## TO DO
Line by line, the data below should be set down unchanged, with images excluded.

## DATASET SECTION
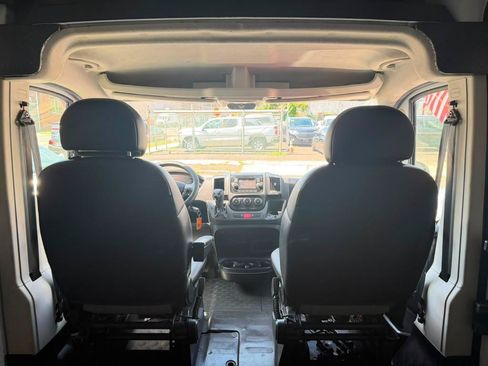 Used 2019 RAM ProMaster 2500 w/ Interior Convenience Group FWD image 25
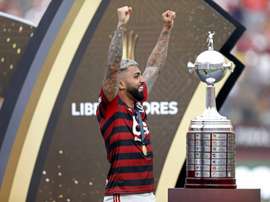 Vizinhos reclamam das festas de Gabigol na quarentena. AFP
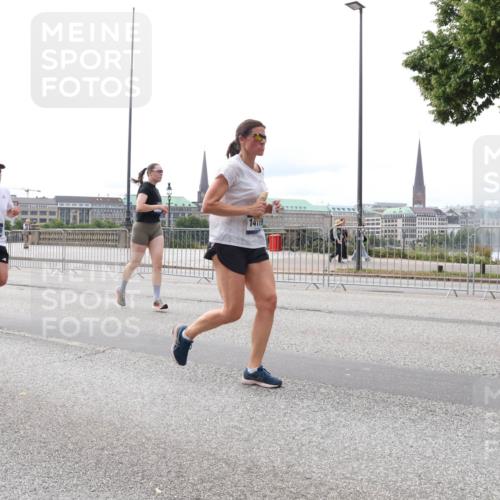 29.06.2025 - hella hamburg halbmarathon Lena Gebhardt http://msf.ph/oto/8415414 29.06.2025 10:26:13 Lombardsbrücke 14726, 14179, 1300, 1479, 3617, 3765, 4267, 4268, 4315, 4797, 4844, 5497, 6159, 6663, 6905, 7929, 8276, 8306, 8357, 8674, 8942, 10104, 10219, 11107, 11139, 11596, 11699, 11828, 11859, 12074, 12126, 12826, 12827, 12838, 12945, 12946, 13264, 14063, 14179, 14223, 14356, 14726, 14930, 16927, 17369, 17712, 19144 meine-sportfotos.de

## EXERCISE SOLUTION
 Used 2019 RAM ProMaster 2500 w/ Interior Convenience Group FWD image 25
 Vizinhos reclamam das festas de Gabigol na quarentena. AFP
 29.06.2025 - hella hamburg halbmarathon Lena Gebhardt http://msf.ph/oto/8415414 29.06.2025 10:26:13 Lombardsbrücke 14726, 14179, 1300, 1479, 3617, 3765, 4267, 4268, 4315, 4797, 4844, 5497, 6159, 6663, 6905, 7929, 8276, 8306, 8357, 8674, 8942, 10104, 10219, 11107, 11139, 11596, 11699, 11828, 11859, 12074, 12126, 12826, 12827, 12838, 12945, 12946, 13264, 14063, 14179, 14223, 14356, 14726, 14930, 16927, 17369, 17712, 19144 meine-sportfotos.de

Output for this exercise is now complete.